FRANKLINTON, N.C. -- Orthodox Rabbi Pinchas Herman's duties have him rappelling inside a two-story-tall stainless steel tank at a factory that makes enzymes for food products.
For 10 minutes, the 47-year-old from Raleigh runs his thumb along corners of the stainless steel tank and scans screens with his flashlight. He's checking whether the equipment is clean enough to make a product for sweeteners that can be declared kosher for Passover.
"Just checking for any possible residue from the prior product. The thing it comes to with various raw materials, it is difficult to get it fully removed," he said. Later, he'll stand in the control room watching the rising temperature of water being circulated through the equipment to clean it.
The inspection is an example of how the centuries-old dietary code of observant Jews is adapting to modern food technology and how kosher is increasingly being used as a mark of quality in the global food and drinks industry.
Herman's work at the Danish-owned Novozymes plant includes near-daily visits to a Durham supplier. There he checks that overseas deliveries arrive with unbroken seals set by rabbis abroad. Herman then checks that the preservatives extending shelf life and stabilizers controlling pH balance are properly repackaged for the short trip to Franklinton, about 25 miles north of Raleigh.
Besides the duties of his congregation, Herman roams the eastern half of the state, investigating components of the food chain ranging from citric acid to chemicals that may line the inside of a can of green beans.
"Somebody's going all the way. They start from the beginning of whatever the process is," said Herman, who was dispatched to Novozymes by the New York-based Orthodox Union, the country's largest kosher certifying organization.

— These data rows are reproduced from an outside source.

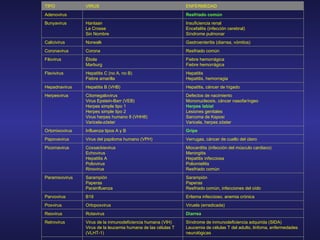 Encefalitis Rubéola, defectos de nacimiento Encefalomielitis equina del este Rubéola Togavirus Síndrome de inmunodeficiencia adquirida (SIDA) Leucemia de células T del adulto, linfoma, enfermedades neurológicas Virus de la inmunodeficiencia humana (VIH) Virus de la leucemia humana de las células T (VLHT-1) Retrovirus Diarrea Rotavirus  Reovirus Viruela (erradicada) Ortopoxvirus Poxvirus Eritema infeccioso, anemia crónica B19 Parvovirus Sarampión Paperas Resfriado común, infecciones del oído Sarampión Paperas Parainfluenza Paramixovirus Miocarditis (infección del músculo cardiaco) Meningitis Hepatitis infecciosa Poliomielitis Resfriado común Coxsackievirus Echovirus Hepatitis A Poliovirus Rinovirus Picornavirus Verrugas, cáncer de cuello del útero Virus del papiloma humano (VPH) Papovavirus Gripe Influenza tipos A y B Ortomixovirus Defectos de nacimiento Mononucleosis, cáncer nasofaríngeo Herpes labial Lesiones genitales Sarcoma de Kaposi Varicela, herpes zóster Citomegalovirus Virus Epstein-Barr (VEB) Herpes simple tipo 1 Herpes simple tipo 2  Virus herpes humano 8 (VHH8) Varicela-zóster Herpesvirus Hepatitis, cáncer de hígado Hepatitis B (VHB) Hepadnavirus Hepatitis Hepatitis, hemorragia Hepatitis C (no A, no B) Fiebre amarilla Flavivirus Fiebre hemorrágica Fiebre hemorrágica Ébola Marburg Filovirus Resfriado común Corona Coronavirus Gastroenteritis (diarrea, vómitos) Norwalk Calicivirus Insuficiencia renal Encefalitis (infección cerebral) Síndrome pulmonar Hantaan La Crosse Sin Nombre Bunyavirus Resfriado común   Adenovirus ENFERMEDAD VIRUS TIPO 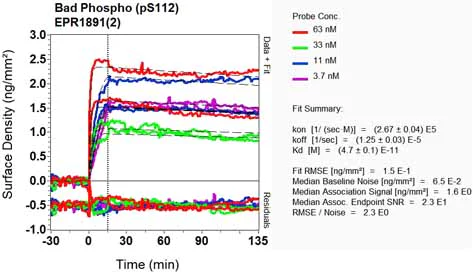 OI-RD Scanning - Anti-Bad (phospho S112) antibody [EPR1891(2)] (AB129192)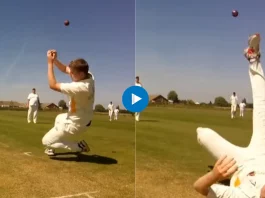 Cricket Viral Video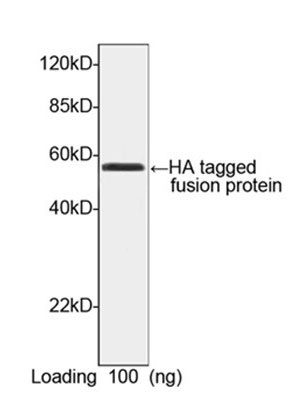 4 - Anti-HA Tag (Biotin) Antibody ABV12013
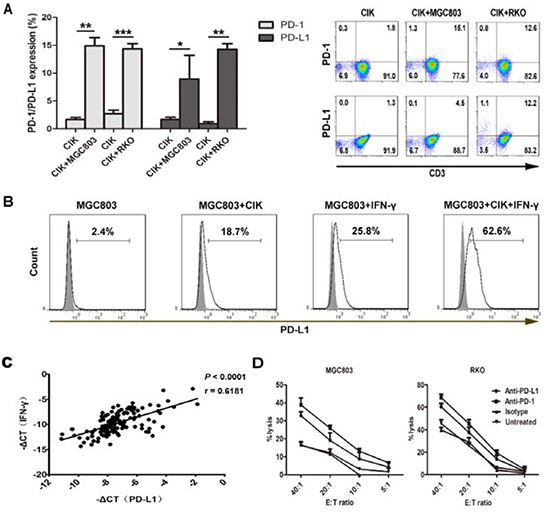 PD-L1/PD-1 pathway blockade efficiently increases tumor-killing activity of CIK cells.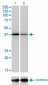 NFYC Antibody (monoclonal) (M01)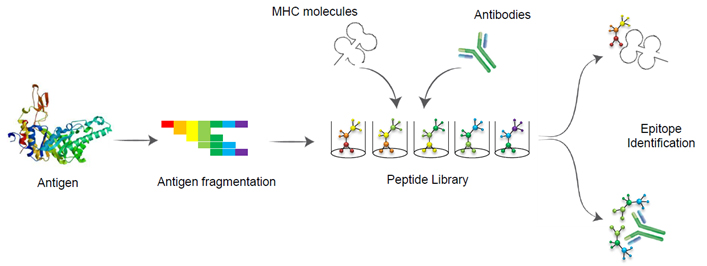 General strategy for antibody epitope mapping and identification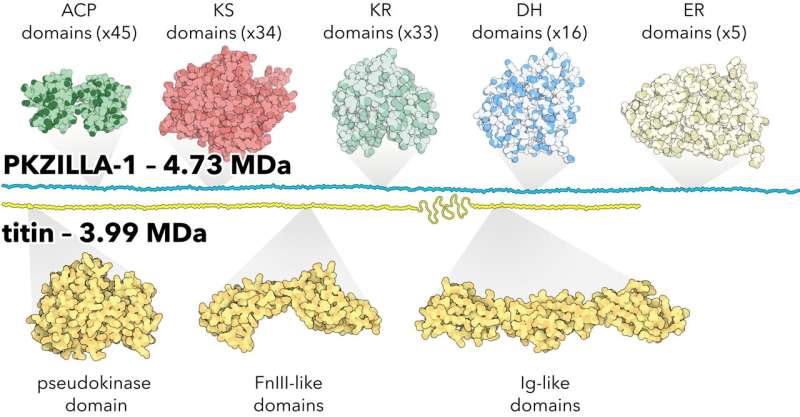 Largest protein yet discovered builds algal toxins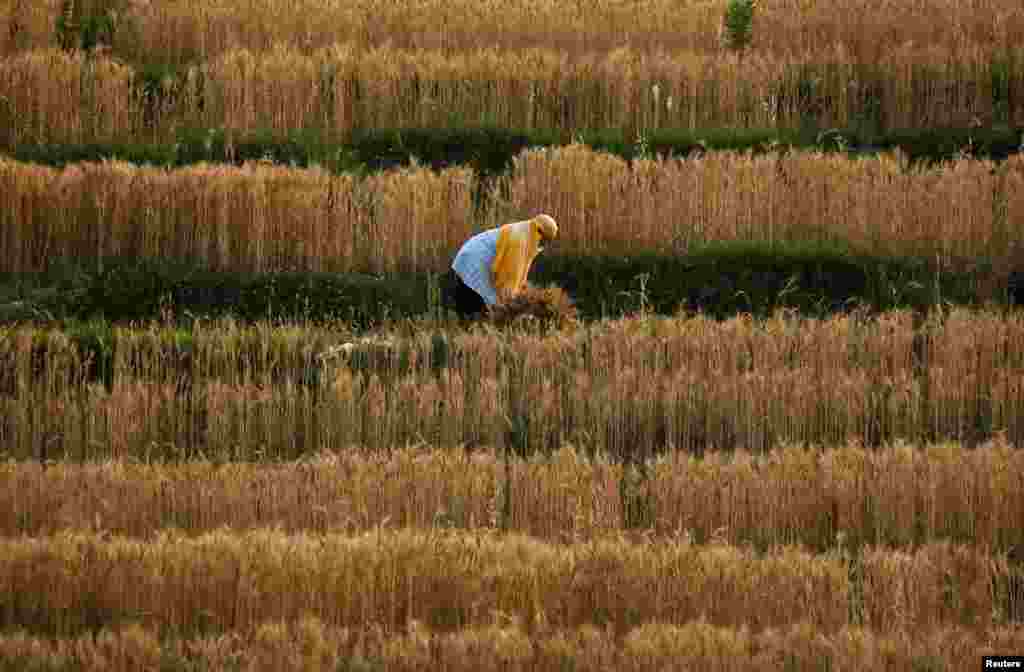 A farmer harvests wheat during the lockdown imposed by the government amid concerns about the spread of the coronavirus disease, in Lalitpur, Nepal. 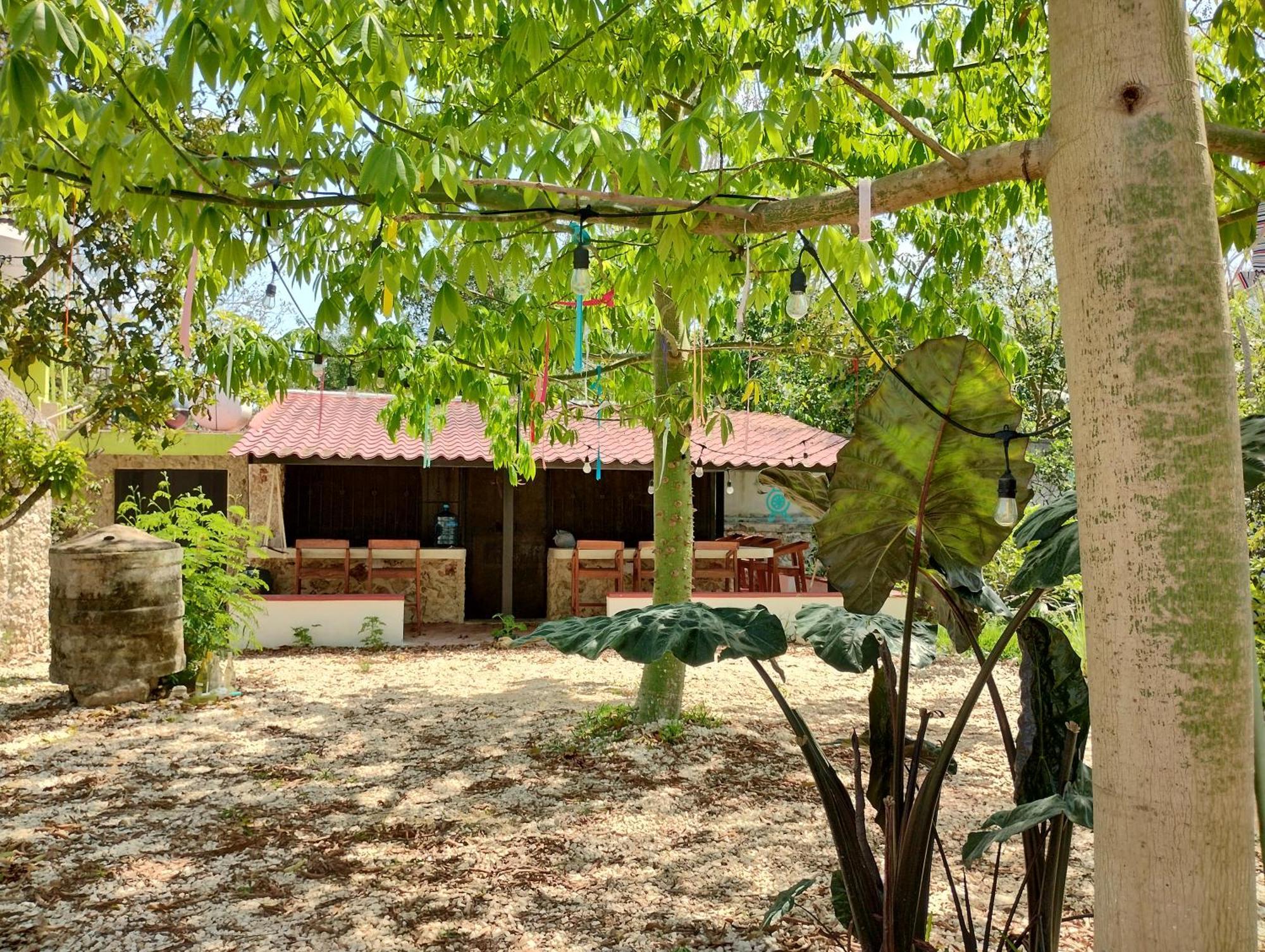 Hotel Y Museo Aldea Maya Toktli Origenes - Village, Alberca, Wifi Starlink, Tour Museo *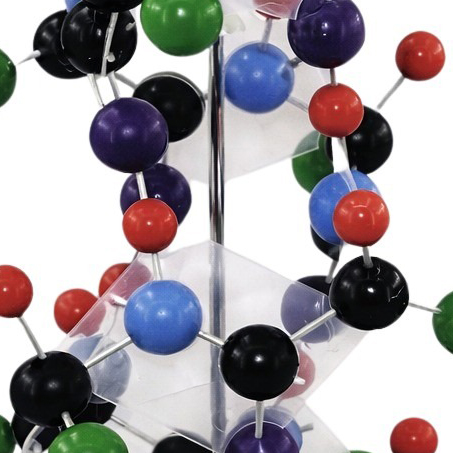 68.5cm Protein Structure Model Alpha Helix Molecular Structure Model for School Biology Chemistry Te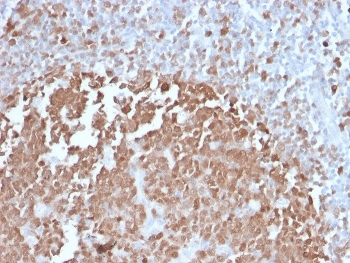 POU2AF1 Antibody / BOB-1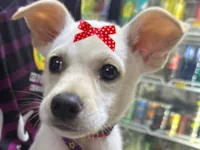 Cachorro raça SRD-ViraLata idade 2 a 6 meses nome Sissi 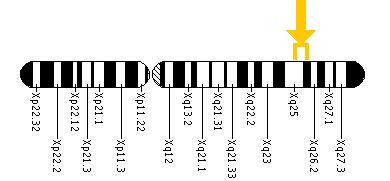 The OCRL gene is located on the long (q) arm of the X chromosome between positions 25 and 26.1.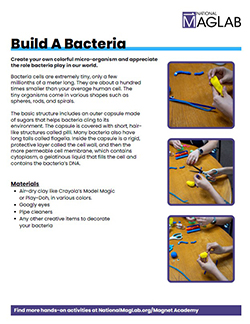 Try This at Home - Build a Bacteria worksheet cover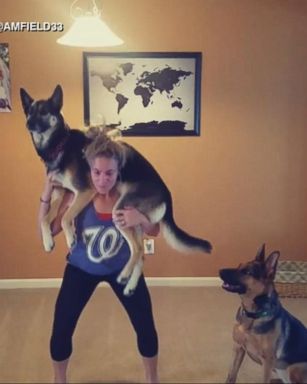 VIDEO: 'Squat your dog challenge' goes viral 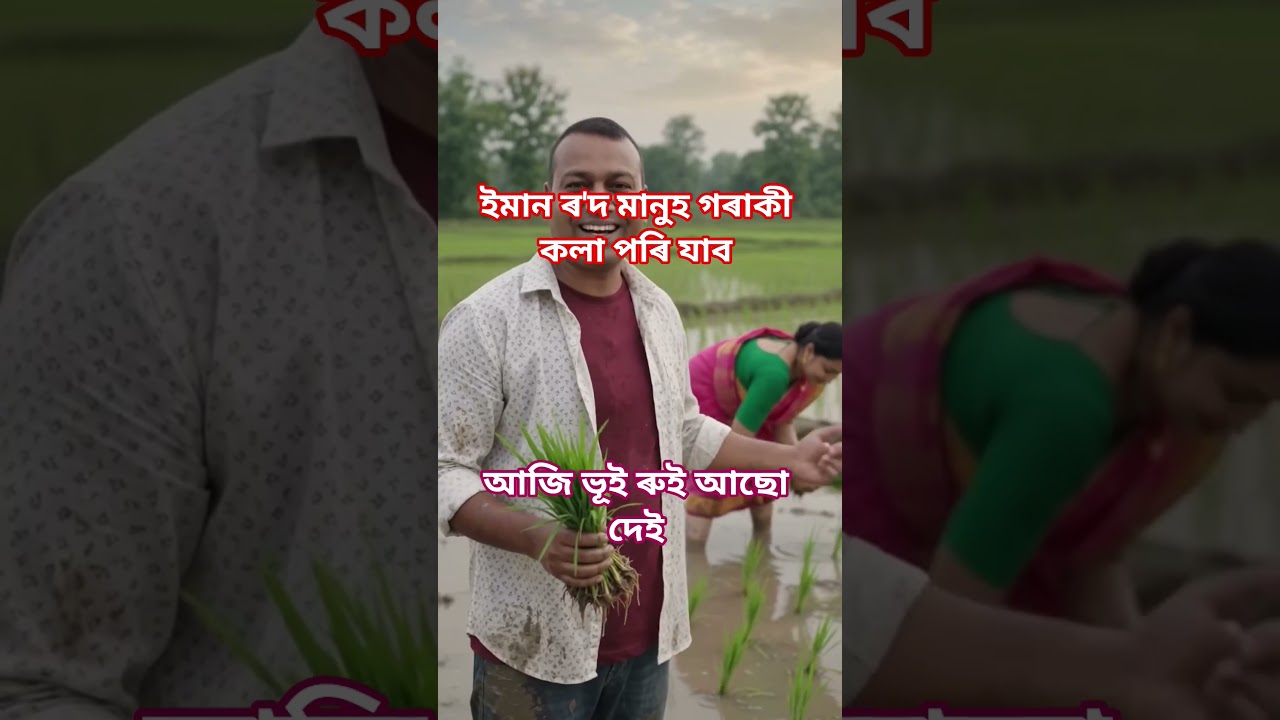 মানুহজনী ৰদত কলা পৰি গ'ল । #khetibadi #dhankheti #youtubesearching #viralyoutubevideo #shortsviral .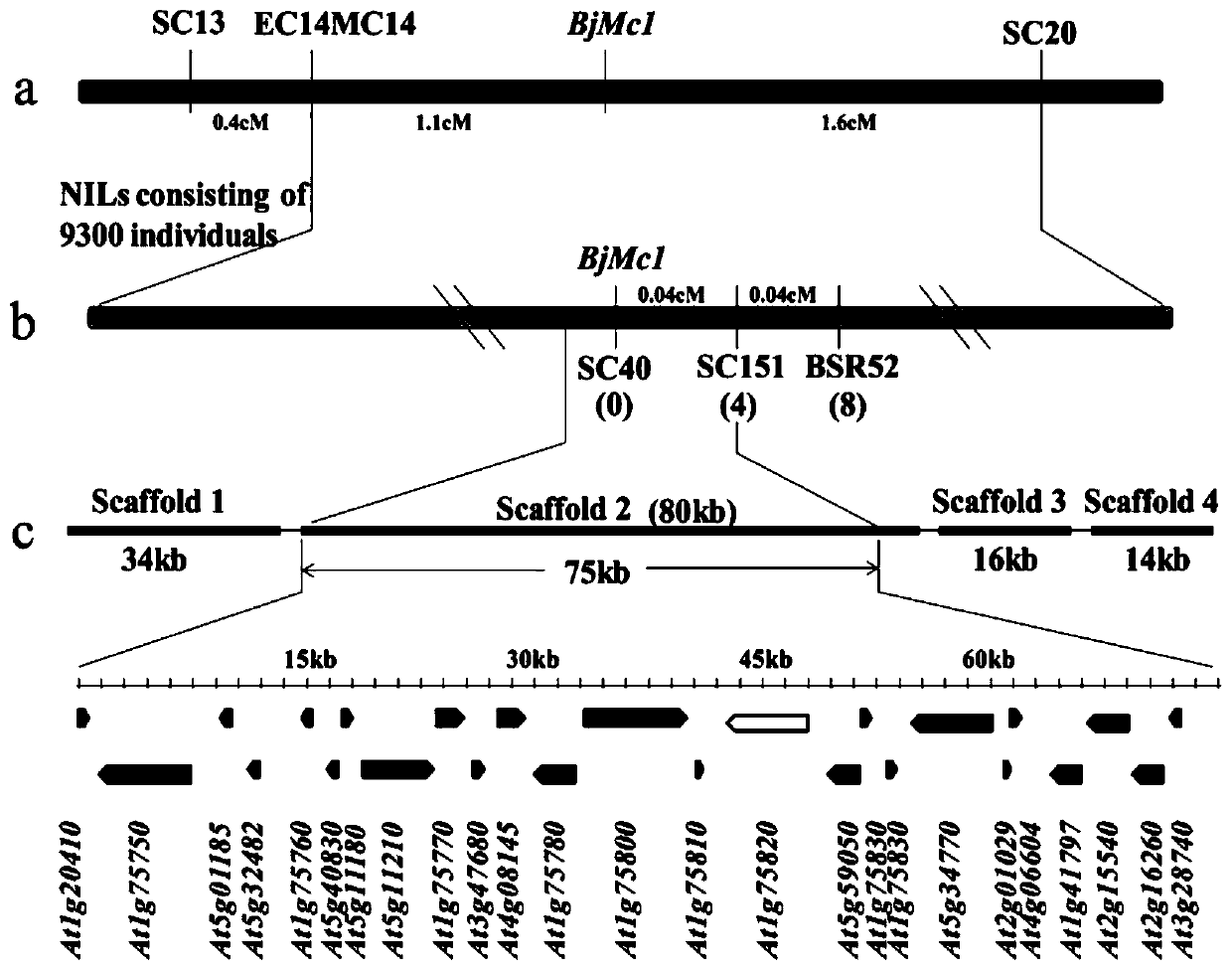 Two-chamber gene bjmc1 and three-chamber gene bjmc1 related to the multi-chamber trait of Brassica napus and its application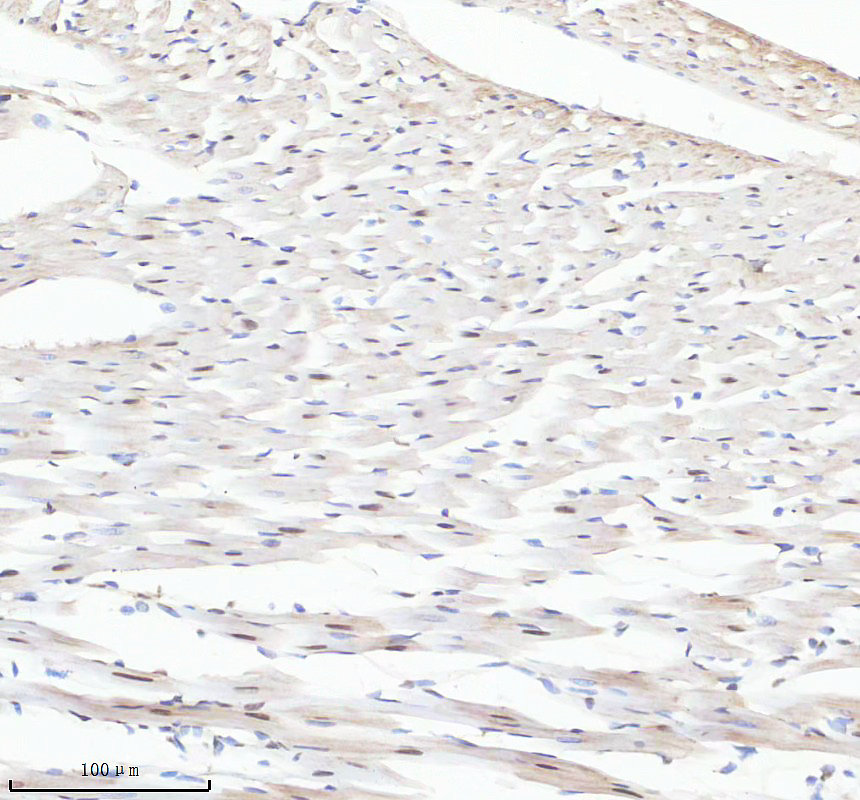 a06767 1 macrod1 primary antibodies ihc testing 3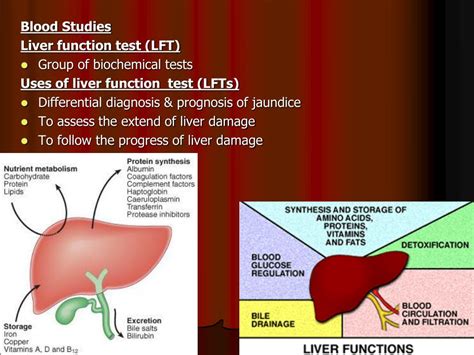 Understanding Elevated Liver Enzymes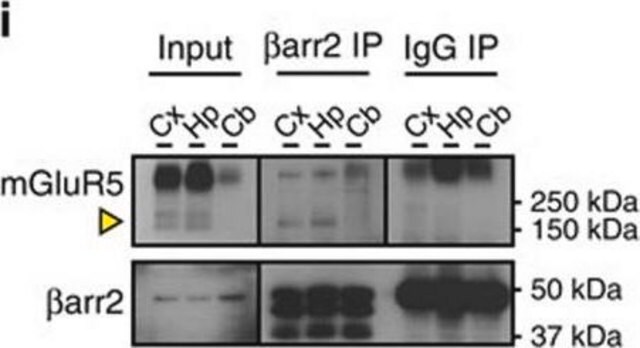 Anti-Metabotropic Glutamate Receptor 5 Antibody, pain Chemicon&#174;, from rabbit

Kosher describes foods that meet dietary laws, based in the Old Testament, on what is fit for people to eat. The dietary laws predominantly deal with three issues. Some animals like cattle and finned fish are allowed, while others like pork and shellfish aren't. Blood must be drawn out of meat before it's eaten. Meat and milk can't be mixed. There are many details, and rules are more stringent for Passover.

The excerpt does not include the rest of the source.